Innocente Figini: Sì, il bisogno ti provoca, ma sei tu che devi cambiare, tant’è che ragazzi in difficoltà a Como ce n’erano anche prima che noi ce ne accorgessimo. È dagli incontri che è venuta fuori questa vita, che poi si è dilatata.
Vita: Accanto all’accoglienza avete puntato molto sulla formazione. Perché?
Erasmo: I ragazzi che seguivamo con l’affido diurno spesso avevano abbandonato le scuole professionali. Abbiamo cominciato con un corso di rimotivazione, fatto dentro casa: sette hanno ripreso il percorso scolastico e gli altri siamo riusciti a collocarli presso artigiani.

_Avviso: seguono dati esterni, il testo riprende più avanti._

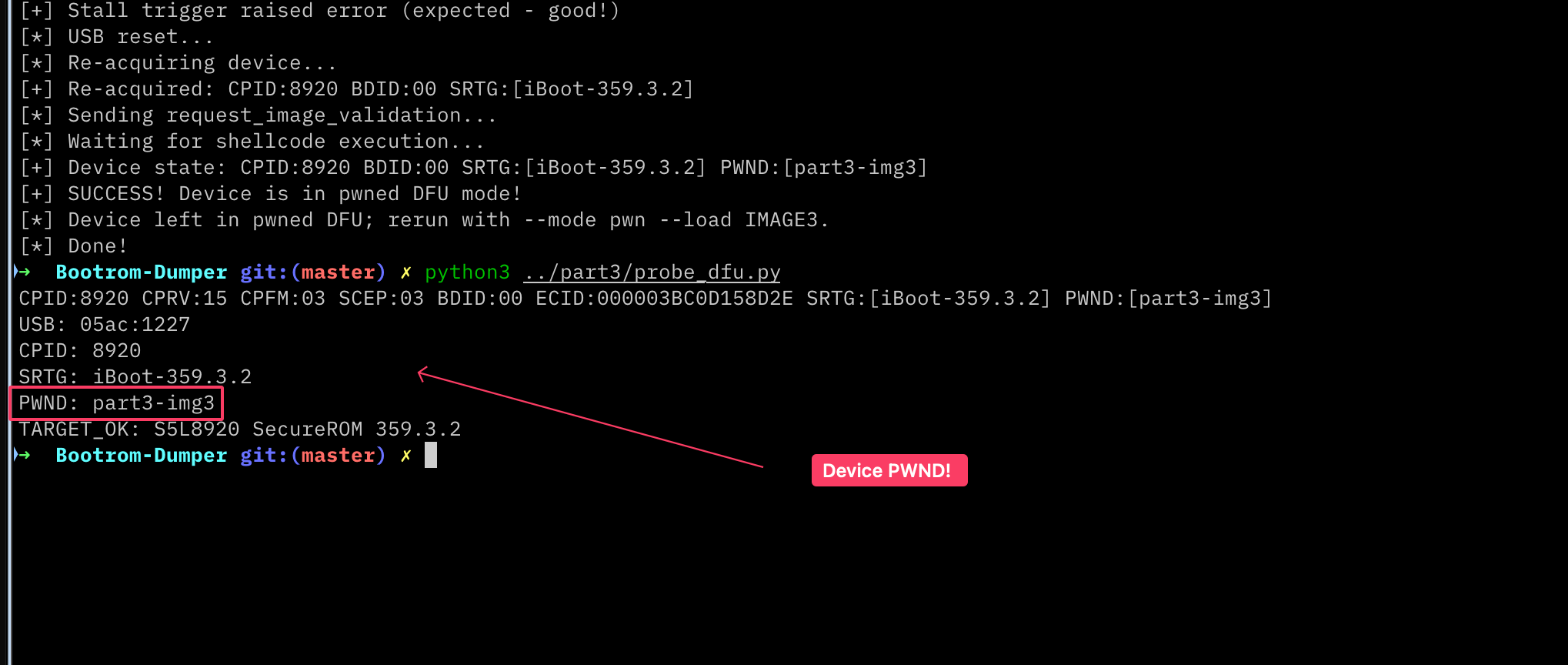 The exploit result followed by an independent probe showing PWND part3-img3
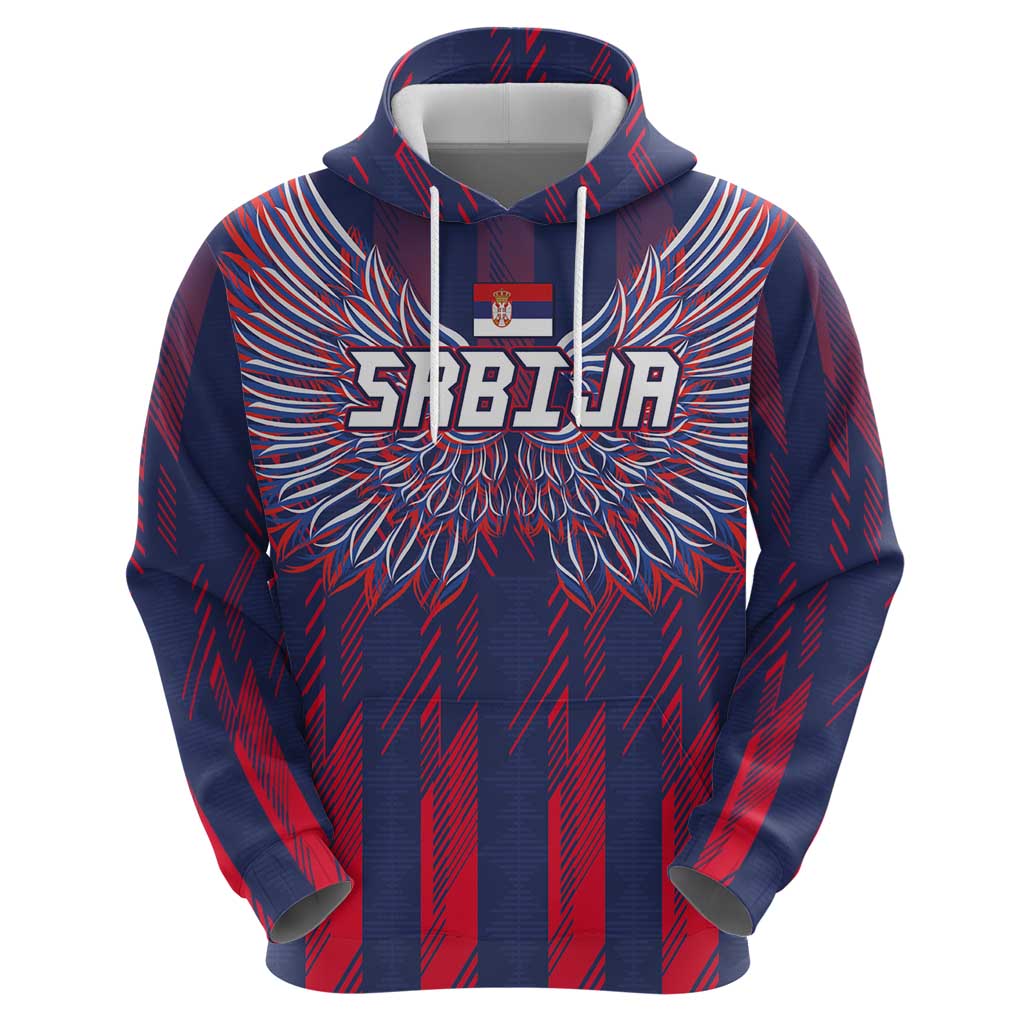 Custom Serbia Sport Fan Jersey Hoodie Eagle Wings with Sporty Stripes Style LT03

Poi è nata una vera e propria scuola, in collaborazione con il tessile di Como. Il nostro slogan è quello del vestito su misura: ogni uomo avrebbe diritto a un vestito su misura, che ne aggiusta le pecche e valorizza i pregi. Qui si guarda a ogni ragazzo così, puntando sulla professionalità e sull’eccellenza.
Vita: Quanto contano i suoi contatti e quanto questo è un modello replicabile?
Erasmo: L’eccellenza è tutta replicabile. Ognuno ha dentro la passione per l’uomo, che può manifestarsi in mille modi diversi: basta che qualcuno te la faccia scoprire ed essa diventa un desiderio e un criterio d’azione, sempre. Poi ognuno ha i suoi talenti e spende le competenze che ha. Io ho visto imprenditori sotto un aspetto che non conoscevo, persone che mi hanno stupito, che da datori di lavoro sono diventati davvero partner educativi.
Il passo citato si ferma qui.